To calculate Derek's monthly mortgage payment, we can use the formula for a fixed-rate mortgage payment, which is given by:
\[ M = P \frac{r(1 + r)^n}{(1 + r)^n - 1} \]
Where:
- \( M \) = monthly payment
- \( P \) = principal loan amount (the amount borrowed)
- \( r \) = monthly interest rate (annual rate divided by 12)
- \( n \) = number of payments (loan term in months)
Given:
- \( P = 278,971.00 \)
- Annual interest rate = 4.34% = 0.0434
- Monthly interest rate \( r = \frac{0.0434}{12} = 0.00361667 \)
- Loan term = 30 years = \( 30 \times 12 = 360 \) months
Now we can plug these values into the formula:
\[ M = 278,971 \frac{0.00361667(1 + 0.00361667)^{360}}{(1 + 0.00361667)^{360} - 1} \]

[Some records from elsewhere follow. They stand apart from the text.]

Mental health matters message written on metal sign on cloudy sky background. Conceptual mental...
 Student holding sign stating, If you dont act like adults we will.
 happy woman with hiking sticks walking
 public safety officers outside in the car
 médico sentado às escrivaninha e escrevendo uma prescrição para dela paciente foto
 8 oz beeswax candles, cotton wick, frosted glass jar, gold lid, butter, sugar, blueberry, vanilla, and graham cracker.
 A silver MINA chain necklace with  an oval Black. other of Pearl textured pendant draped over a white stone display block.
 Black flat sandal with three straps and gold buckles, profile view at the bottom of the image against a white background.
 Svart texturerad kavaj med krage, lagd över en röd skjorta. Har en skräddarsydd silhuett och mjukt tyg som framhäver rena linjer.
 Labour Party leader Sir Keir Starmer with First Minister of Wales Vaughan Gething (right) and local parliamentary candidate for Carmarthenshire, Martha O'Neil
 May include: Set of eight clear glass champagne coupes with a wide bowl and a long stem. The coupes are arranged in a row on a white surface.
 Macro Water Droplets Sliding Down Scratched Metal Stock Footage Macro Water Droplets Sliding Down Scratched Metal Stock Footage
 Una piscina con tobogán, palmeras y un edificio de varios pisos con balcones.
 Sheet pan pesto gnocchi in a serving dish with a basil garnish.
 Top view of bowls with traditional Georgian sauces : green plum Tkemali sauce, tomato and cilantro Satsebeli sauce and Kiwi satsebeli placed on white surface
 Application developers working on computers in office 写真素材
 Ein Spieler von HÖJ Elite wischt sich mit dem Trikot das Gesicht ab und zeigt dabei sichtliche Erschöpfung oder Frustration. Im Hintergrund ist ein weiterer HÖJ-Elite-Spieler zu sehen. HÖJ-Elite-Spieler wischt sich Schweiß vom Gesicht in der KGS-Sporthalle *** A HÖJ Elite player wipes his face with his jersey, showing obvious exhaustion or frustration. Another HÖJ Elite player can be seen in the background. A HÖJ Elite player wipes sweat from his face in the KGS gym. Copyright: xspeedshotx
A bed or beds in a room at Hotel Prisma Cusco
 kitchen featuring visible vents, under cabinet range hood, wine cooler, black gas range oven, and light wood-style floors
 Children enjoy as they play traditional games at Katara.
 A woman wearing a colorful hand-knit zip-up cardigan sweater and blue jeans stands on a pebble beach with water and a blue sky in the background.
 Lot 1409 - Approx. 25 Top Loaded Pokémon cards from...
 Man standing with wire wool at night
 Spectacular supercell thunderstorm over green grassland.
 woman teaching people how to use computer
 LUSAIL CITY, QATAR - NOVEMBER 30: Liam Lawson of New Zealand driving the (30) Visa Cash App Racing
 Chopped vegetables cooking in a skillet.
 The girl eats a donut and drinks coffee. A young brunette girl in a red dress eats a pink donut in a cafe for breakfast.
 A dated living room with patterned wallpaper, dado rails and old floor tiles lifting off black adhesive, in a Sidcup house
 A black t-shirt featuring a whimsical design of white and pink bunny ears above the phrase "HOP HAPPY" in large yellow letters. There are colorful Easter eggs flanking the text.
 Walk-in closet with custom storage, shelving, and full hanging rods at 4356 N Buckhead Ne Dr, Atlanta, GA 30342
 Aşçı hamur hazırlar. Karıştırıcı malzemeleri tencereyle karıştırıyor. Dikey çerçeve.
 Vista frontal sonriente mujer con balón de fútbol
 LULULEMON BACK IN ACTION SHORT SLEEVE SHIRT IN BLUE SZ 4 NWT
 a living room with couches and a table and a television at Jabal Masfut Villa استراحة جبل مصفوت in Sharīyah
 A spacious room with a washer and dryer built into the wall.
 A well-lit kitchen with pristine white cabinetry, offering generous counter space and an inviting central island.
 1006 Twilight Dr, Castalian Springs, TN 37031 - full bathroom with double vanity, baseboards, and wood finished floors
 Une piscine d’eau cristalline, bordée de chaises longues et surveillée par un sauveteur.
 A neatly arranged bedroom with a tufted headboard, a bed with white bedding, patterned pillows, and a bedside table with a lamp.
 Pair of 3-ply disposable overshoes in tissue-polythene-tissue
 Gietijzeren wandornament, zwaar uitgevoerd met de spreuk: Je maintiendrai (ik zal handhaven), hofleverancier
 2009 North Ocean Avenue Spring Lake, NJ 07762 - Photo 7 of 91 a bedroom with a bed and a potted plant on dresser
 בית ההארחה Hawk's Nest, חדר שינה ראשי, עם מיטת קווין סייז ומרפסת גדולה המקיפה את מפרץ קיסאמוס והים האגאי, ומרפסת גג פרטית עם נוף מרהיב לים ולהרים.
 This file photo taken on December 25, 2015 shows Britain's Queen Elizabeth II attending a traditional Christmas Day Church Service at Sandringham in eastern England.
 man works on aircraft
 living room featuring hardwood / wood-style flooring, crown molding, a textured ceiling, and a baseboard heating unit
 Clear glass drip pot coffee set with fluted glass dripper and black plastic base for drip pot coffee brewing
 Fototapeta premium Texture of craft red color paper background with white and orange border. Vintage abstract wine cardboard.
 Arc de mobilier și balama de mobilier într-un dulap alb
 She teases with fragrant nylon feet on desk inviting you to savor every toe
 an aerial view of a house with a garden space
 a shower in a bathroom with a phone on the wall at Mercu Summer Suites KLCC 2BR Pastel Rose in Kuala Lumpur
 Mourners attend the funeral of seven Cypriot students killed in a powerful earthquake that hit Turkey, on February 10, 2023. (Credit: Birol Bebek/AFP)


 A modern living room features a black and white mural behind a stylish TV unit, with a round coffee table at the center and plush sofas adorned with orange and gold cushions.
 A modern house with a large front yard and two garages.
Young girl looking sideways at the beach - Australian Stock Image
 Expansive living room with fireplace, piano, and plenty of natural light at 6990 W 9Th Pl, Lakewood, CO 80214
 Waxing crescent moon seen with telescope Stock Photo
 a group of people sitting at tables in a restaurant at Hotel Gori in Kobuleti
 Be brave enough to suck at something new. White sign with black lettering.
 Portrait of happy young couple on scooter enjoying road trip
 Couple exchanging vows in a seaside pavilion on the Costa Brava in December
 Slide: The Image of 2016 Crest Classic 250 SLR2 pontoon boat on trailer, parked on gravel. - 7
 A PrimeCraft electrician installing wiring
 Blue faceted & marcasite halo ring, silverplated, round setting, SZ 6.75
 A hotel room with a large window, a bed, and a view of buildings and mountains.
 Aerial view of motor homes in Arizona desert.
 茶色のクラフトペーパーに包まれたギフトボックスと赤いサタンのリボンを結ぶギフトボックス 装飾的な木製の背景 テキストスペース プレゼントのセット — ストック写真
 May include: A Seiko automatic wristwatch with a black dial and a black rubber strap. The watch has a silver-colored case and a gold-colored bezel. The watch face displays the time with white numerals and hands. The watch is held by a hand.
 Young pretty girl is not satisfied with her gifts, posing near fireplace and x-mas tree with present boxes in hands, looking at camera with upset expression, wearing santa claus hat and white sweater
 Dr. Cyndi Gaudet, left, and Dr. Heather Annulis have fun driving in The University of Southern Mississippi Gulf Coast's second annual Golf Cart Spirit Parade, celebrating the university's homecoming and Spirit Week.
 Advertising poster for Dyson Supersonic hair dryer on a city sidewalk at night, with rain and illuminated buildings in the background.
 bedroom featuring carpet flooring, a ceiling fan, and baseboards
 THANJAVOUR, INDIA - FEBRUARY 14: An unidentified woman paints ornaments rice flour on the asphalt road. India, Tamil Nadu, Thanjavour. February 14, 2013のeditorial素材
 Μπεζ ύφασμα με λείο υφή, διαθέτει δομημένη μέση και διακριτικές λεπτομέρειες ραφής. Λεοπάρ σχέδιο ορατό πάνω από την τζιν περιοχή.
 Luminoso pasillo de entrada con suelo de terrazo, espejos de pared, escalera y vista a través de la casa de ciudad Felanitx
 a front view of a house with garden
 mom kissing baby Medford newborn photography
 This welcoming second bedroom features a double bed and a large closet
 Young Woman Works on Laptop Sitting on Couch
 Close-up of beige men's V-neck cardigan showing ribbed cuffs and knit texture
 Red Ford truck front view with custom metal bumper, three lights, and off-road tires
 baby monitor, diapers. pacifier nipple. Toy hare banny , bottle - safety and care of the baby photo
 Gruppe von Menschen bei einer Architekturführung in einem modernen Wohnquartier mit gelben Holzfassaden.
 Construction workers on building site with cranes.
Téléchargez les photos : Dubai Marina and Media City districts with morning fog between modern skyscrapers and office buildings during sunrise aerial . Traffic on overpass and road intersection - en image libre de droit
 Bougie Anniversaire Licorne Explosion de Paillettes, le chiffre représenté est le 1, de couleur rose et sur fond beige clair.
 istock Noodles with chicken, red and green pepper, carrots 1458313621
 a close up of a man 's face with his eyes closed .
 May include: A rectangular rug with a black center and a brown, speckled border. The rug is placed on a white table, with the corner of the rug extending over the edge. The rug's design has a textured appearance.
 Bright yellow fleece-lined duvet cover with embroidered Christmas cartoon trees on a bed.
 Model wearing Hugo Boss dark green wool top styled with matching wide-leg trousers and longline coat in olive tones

Calculating \( (1 + r)^{360} \):
\[ (1 + 0.00361667)^{360} \approx 3.4748851 \]
Now, substituting this back into the formula:
\[ M = 278,971 \frac{0.00361667 \times 3.4748851}{3.4748851 - 1} \]
Calculating the numerator:
\[ 0.00361667 \times 3.4748851 \approx 0.0125582 \]
And the denominator:
\[ 3.4748851 - 1 \approx 2.4748851 \]
So:
\[ M = 278,971 \frac{0.0125582}{2.4748851} \approx 278,971 \times 0.0050757 \approx 1,415.41 \]
Thus, Derek's monthly mortgage payment is approximately $1,415.41.